Lineage-labeled cells in Wt1-Cre;Rosa26R^EYFP lungs. (A–F) Immunohistochemistry of sections of P10 (A–D) and P45 (E–F) lungs from Wt1-Cre;Rosa26R^EYFP mice with antibody to GFP (green) and PDGF receptor-beta (red). (B, D, and F) Magnified view of the boxed regions in A, C, and E, respectively. Note the presence of lineage-labeled cells that also express PDGF receptor-beta on their surface in the relatively thin walls of vessels closely associated with bronchioles (A–D) and in the thicker walls of a vessel (presumed artery) associated with a larger bronchus (E and F). Note also in F the typical organization of lineage-labeled smooth muscle in the thick mural wall of the presumptive artery. In all sections lineage-labeled cells are absent from the population of airway smooth muscle.
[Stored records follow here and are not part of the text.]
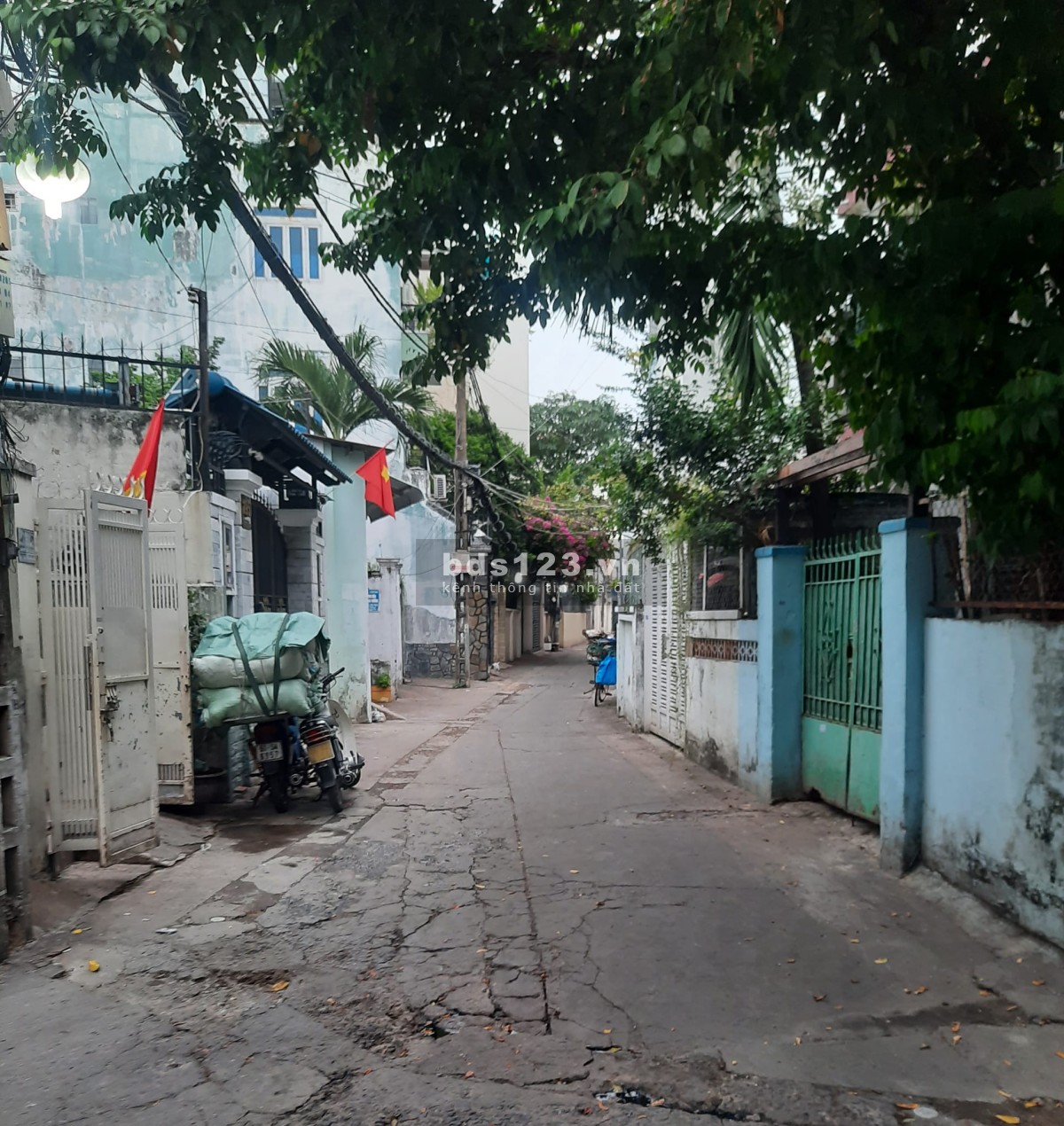 Nhà Hoàng Hoa Thám cần bán - hxh - gần 70m2 – chỉ nhỉnh 8 tỷ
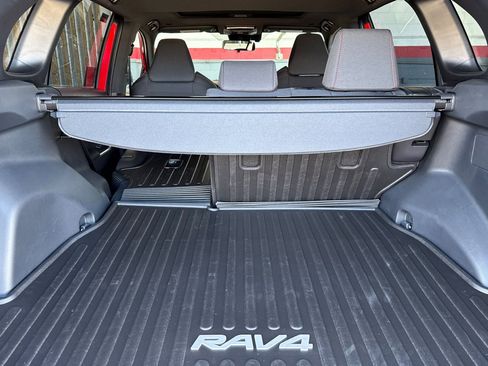New 2025 Toyota RAV4 SE image 14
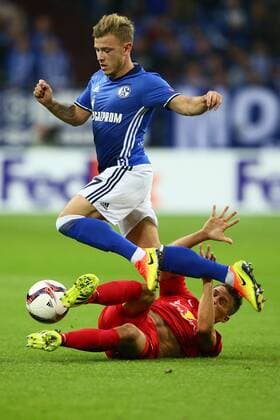 SOCCER - UEFA EL, Schalke vs RBS GELSENKIRCHEN,GERMANY,29.SEP.16 - SOCCER - UEFA Europa League, group stage, FC Schalke 04 vs Red Bull Salzburg. Image shows Max Meyer (Schalke) and Stefan Lainer (RBS). GEPAxpictures xFelixxRoittner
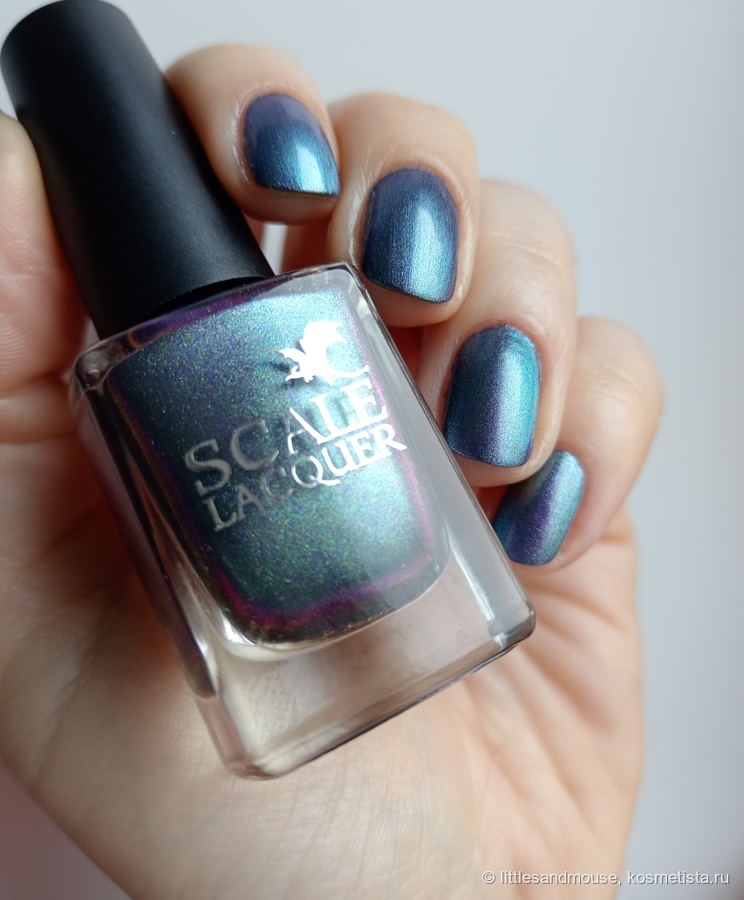 Тут лак кажется более голубым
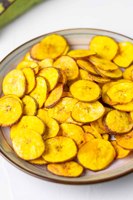 Croustilles de plantain frites (Chifles)| Recette de chips de plantain croustillantes | FRITEUSE À AIR CHIPS DE PLANTAIN KERALA CHIPS DE BANANE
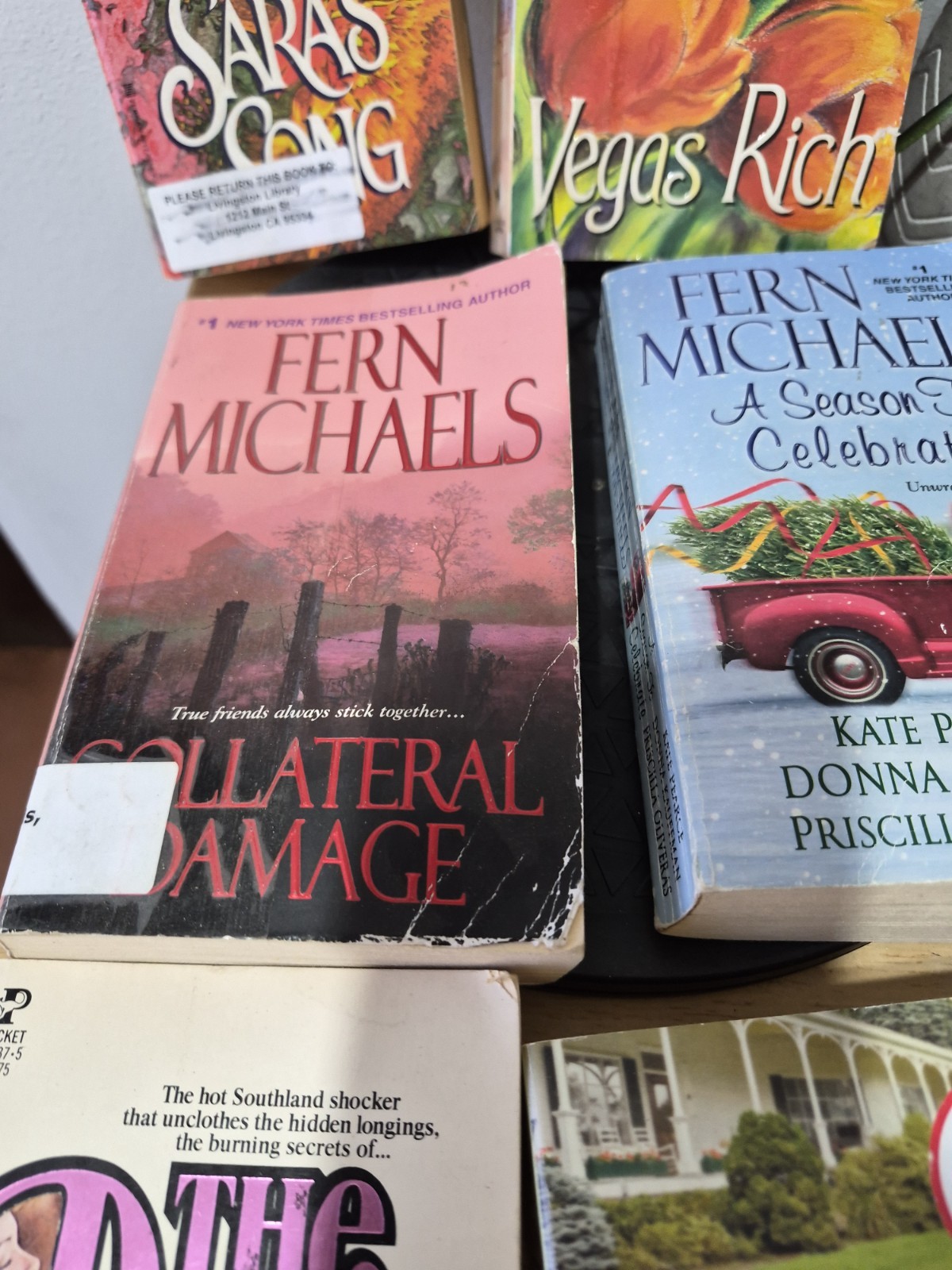 Lot of 10 Fern Michaels Paperback Books TITLES SEEN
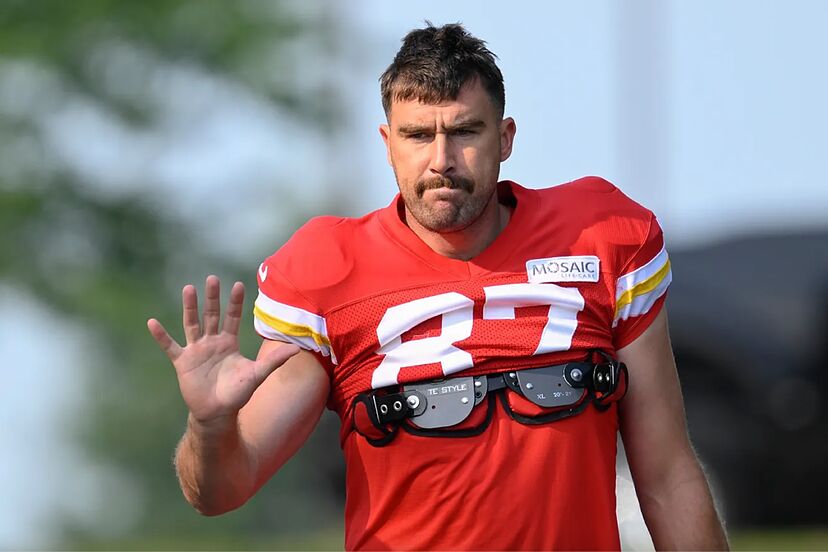 Is Travis Kelce on the decline of his career? 34 years of age is old for a tight  end | Marca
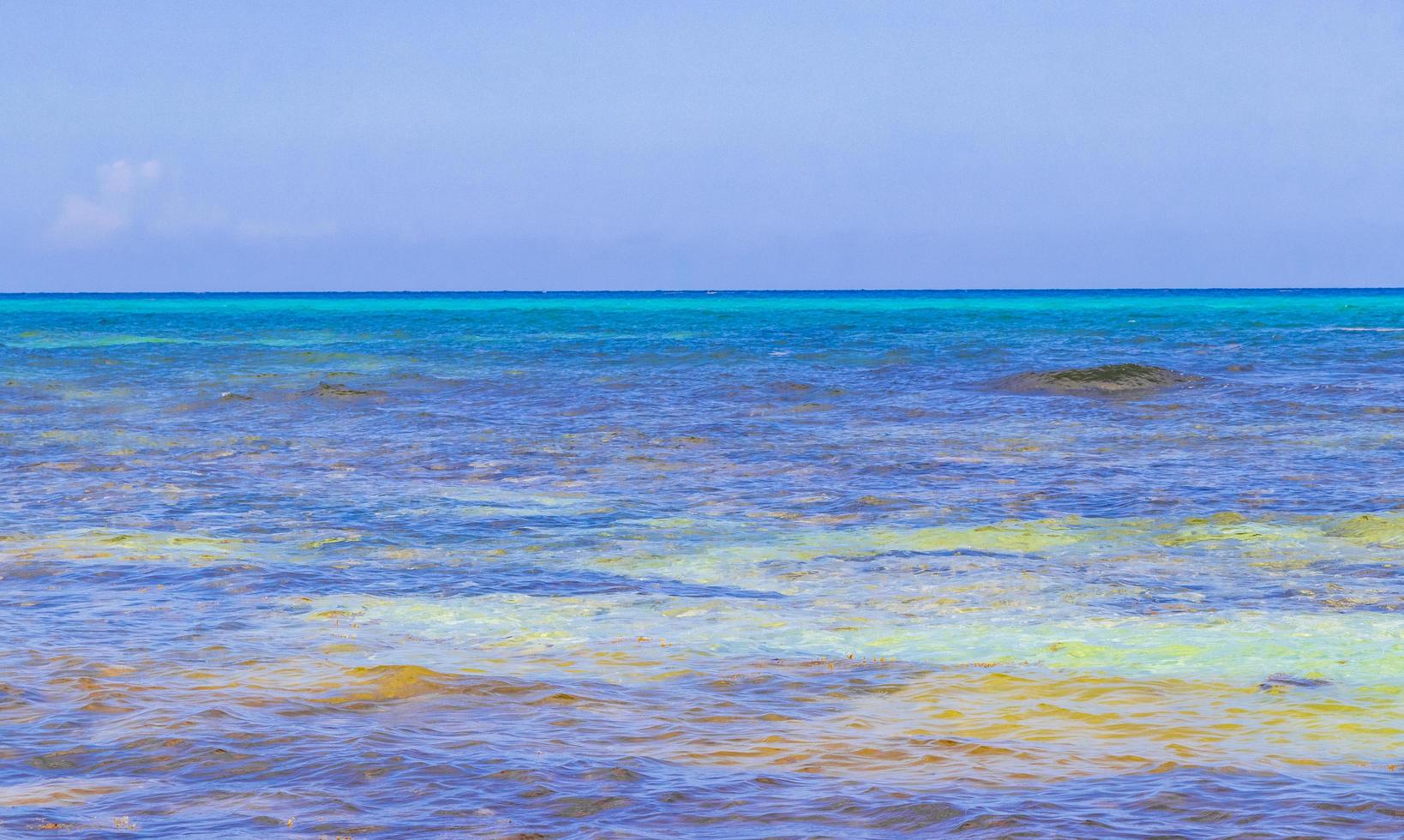 tropischer mexikanischer bunter strand punta esmeralda playa del carmen mexiko. foto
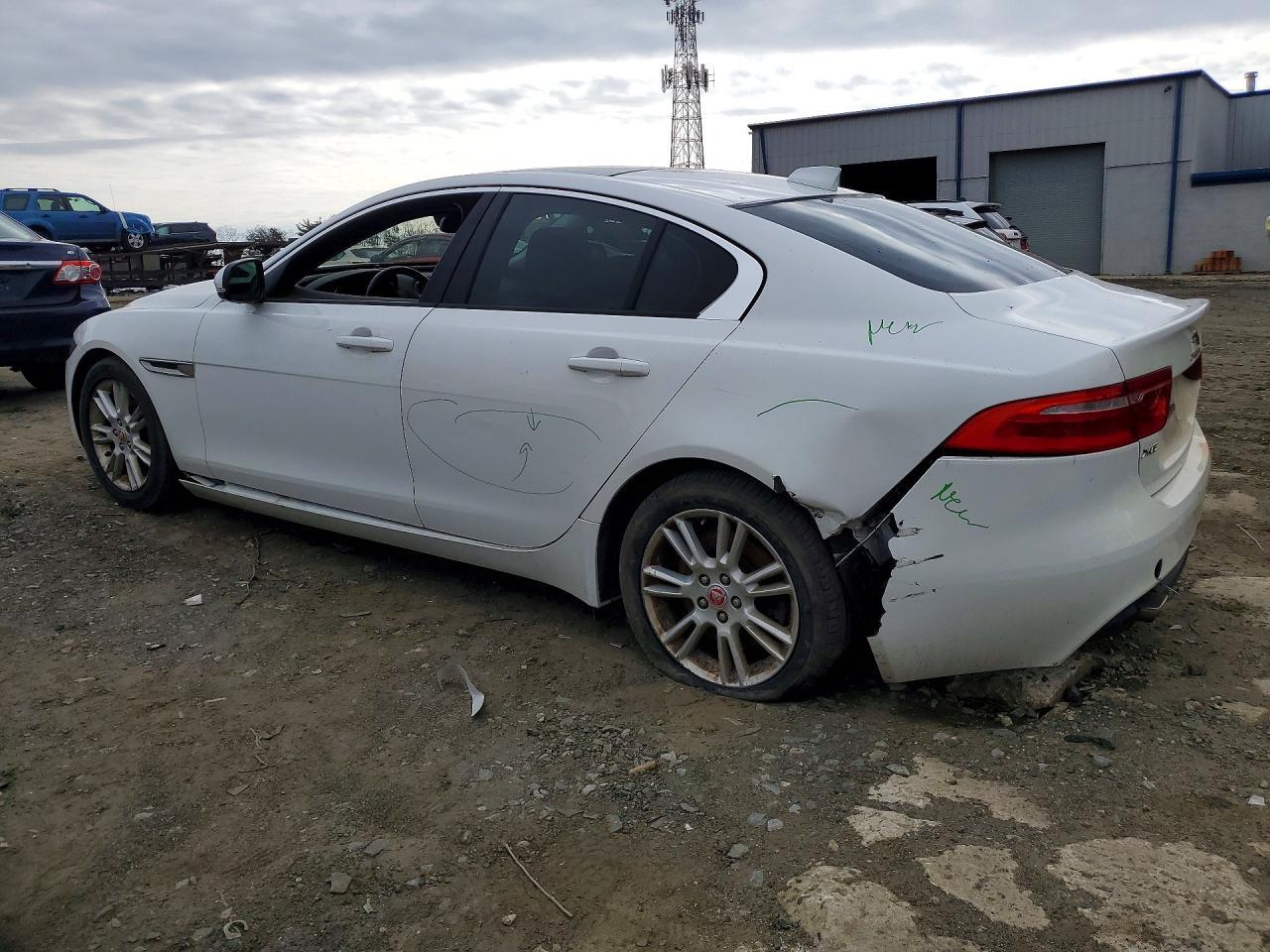 2017 JAGUAR XE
All nuclei are counterstained with DAPI; be, bronchiole; br, bronchus; bv, blood vessel. (Scale bars, 50 μm.)

Fig. 5.

In vitro culture of embryonic lung with dye-labeled mesothelium. (A–E) Distribution of CCFSE-labeled cells after culturing for indicated periods of time (A, 0 h). (B) A magnified view of the boxed region in A. Note that the majority of the surface mesothelial cells are labeled with dye. (C) After 24 h of culture, some dye-labeled cells are present beneath the surface. After culture for 48 (D) and 72 h (E), some dye-labeled are present within the lung tissue. Arrows indicate dye-labeled cells within the lung tissue. All nuclei are counterstained with DAPI. (Scale bars, 50 μm.)